"Do you mean to tell me I look like that?" asked Dorothy, pointing a scornful finger at Jack, who was deeply engaged in tightening a large, black bow which dangled at the end of his long, yellow braid.
"Why, Dolly, I flattered myself I was the handsomest one of the bunch, and now you speak harshly to me," protested Jack in a tone of great grief.
"So far as beauty goes there isn't much choice between you," said Charlotte meditatively. Her eye was taking in Phil's tall, slender figure, upon which the skirt hung in limp folds. His brown braids were twined about his head in a coronet, a style with which Charlotte's mirror was familiar.
"Oh, those ridiculous boys! Do see my bunch of curls," shrieked Ruth, getting around where she could better see the back of Arthur's head.
"Whatever made you think to do it, you silly things?" asked Betty, eyeing with disfavor the magenta-colored hair which graced the head of her double.
"Why, we are going to cook a supper for you to-night, and we thought we couldn't follow better models as to dress than the celebrated Cooking Club," answered Phil making a low bow with his hand on his heart.

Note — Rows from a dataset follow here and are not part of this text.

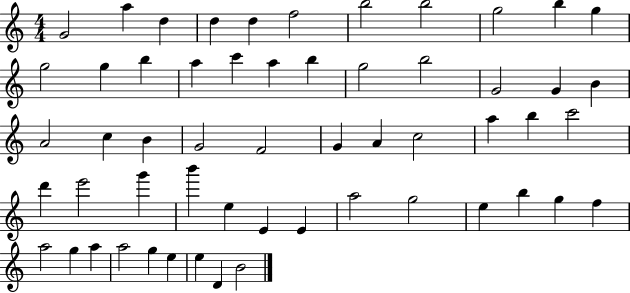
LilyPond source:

{
  \clef treble
  \numericTimeSignature
  \time 4/4
  \key c \major
  g'2 a''4 d''4 | d''4 d''4 f''2 | b''2 b''2 | g''2 b''4 g''4 | \break g''2 g''4 b''4 | a''4 c'''4 a''4 b''4 | g''2 b''2 | g'2 g'4 b'4 | \break a'2 c''4 b'4 | g'2 f'2 | g'4 a'4 c''2 | a''4 b''4 c'''2 | \break d'''4 e'''2 g'''4 | b'''4 e''4 e'4 e'4 | a''2 g''2 | e''4 b''4 g''4 f''4 | \break a''2 g''4 a''4 | a''2 g''4 e''4 | e''4 d'4 b'2 | \bar "|."
}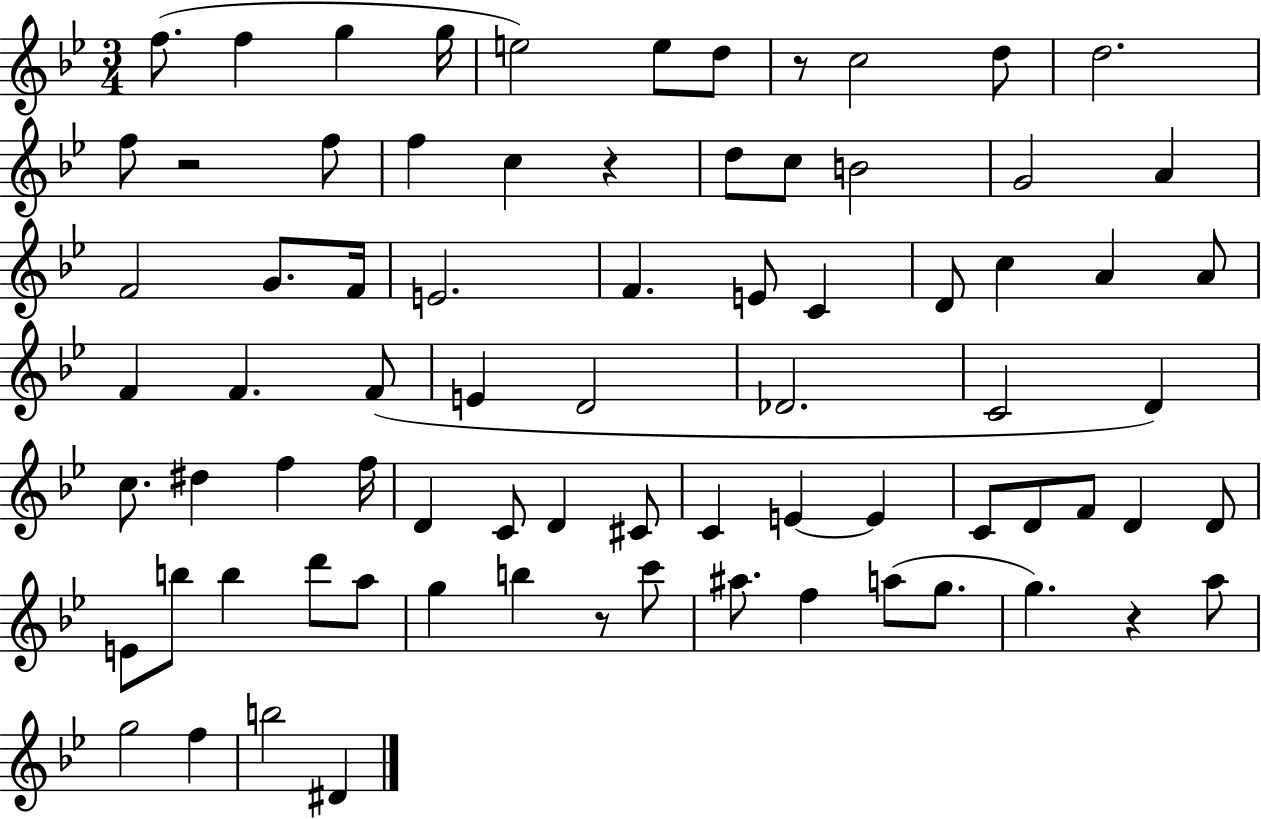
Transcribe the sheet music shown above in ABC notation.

X:1
T:Untitled
M:3/4
L:1/4
K:Bb
f/2 f g g/4 e2 e/2 d/2 z/2 c2 d/2 d2 f/2 z2 f/2 f c z d/2 c/2 B2 G2 A F2 G/2 F/4 E2 F E/2 C D/2 c A A/2 F F F/2 E D2 _D2 C2 D c/2 ^d f f/4 D C/2 D ^C/2 C E E C/2 D/2 F/2 D D/2 E/2 b/2 b d'/2 a/2 g b z/2 c'/2 ^a/2 f a/2 g/2 g z a/2 g2 f b2 ^D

"Do get to work, then," said Dolly with great disdain. "Let's see if you can imitate our cooking as remarkably as you have our looks."

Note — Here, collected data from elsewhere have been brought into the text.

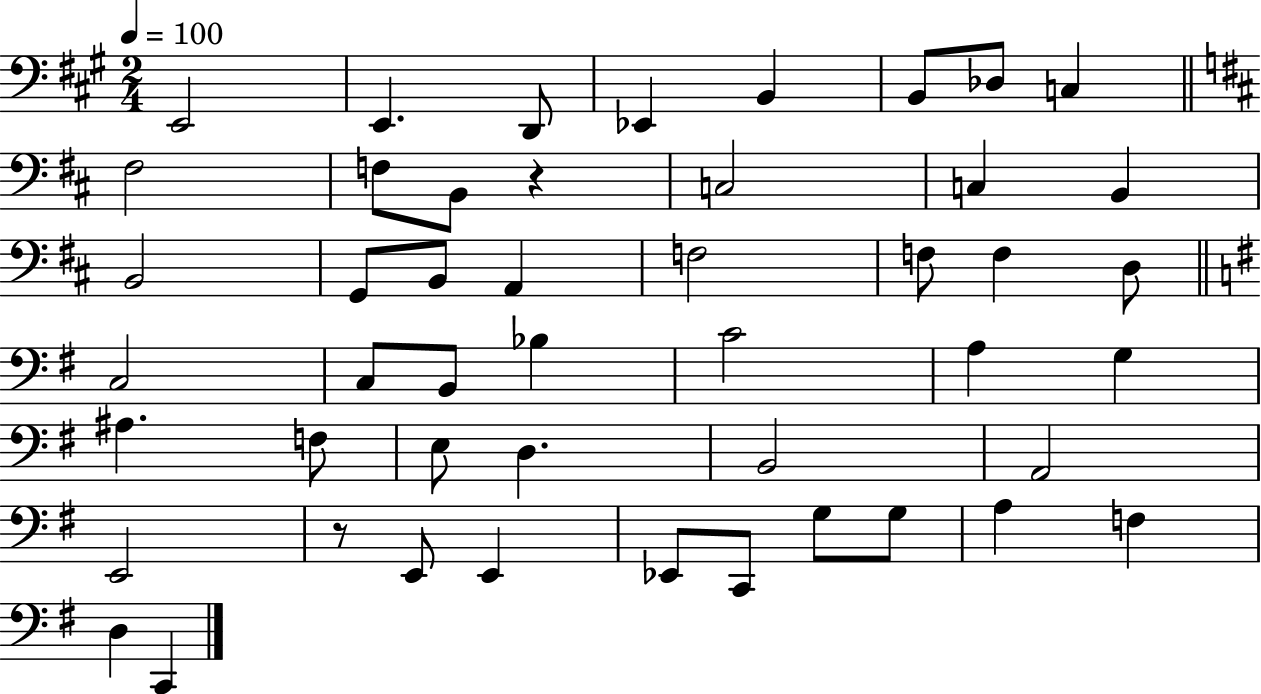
{
  \clef bass
  \numericTimeSignature
  \time 2/4
  \key a \major
  \tempo 4 = 100
  e,2 | e,4. d,8 | ees,4 b,4 | b,8 des8 c4 | \break \bar "||" \break \key d \major fis2 | f8 b,8 r4 | c2 | c4 b,4 | \break b,2 | g,8 b,8 a,4 | f2 | f8 f4 d8 | \break \bar "||" \break \key g \major c2 | c8 b,8 bes4 | c'2 | a4 g4 | \break ais4. f8 | e8 d4. | b,2 | a,2 | \break e,2 | r8 e,8 e,4 | ees,8 c,8 g8 g8 | a4 f4 | \break d4 c,4 | \bar "|."
}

A long table stood in the middle of the room, covered with a white cloth, and on it reposed several chafing-dishes, a pile of plates, forks, spoons and knives, and a quantity of paper napkins. Olives, crisp little pickles and plates of crackers were the only visible evidences of food, and to the hungry girls the prospect was not encouraging.
"If you will kindly be seated, young ladies," said Frank, whose woolly black locks made his imposing manner ridiculous, "we will now show you how much we know."
"How little, you mean," added his sister in an audible whisper.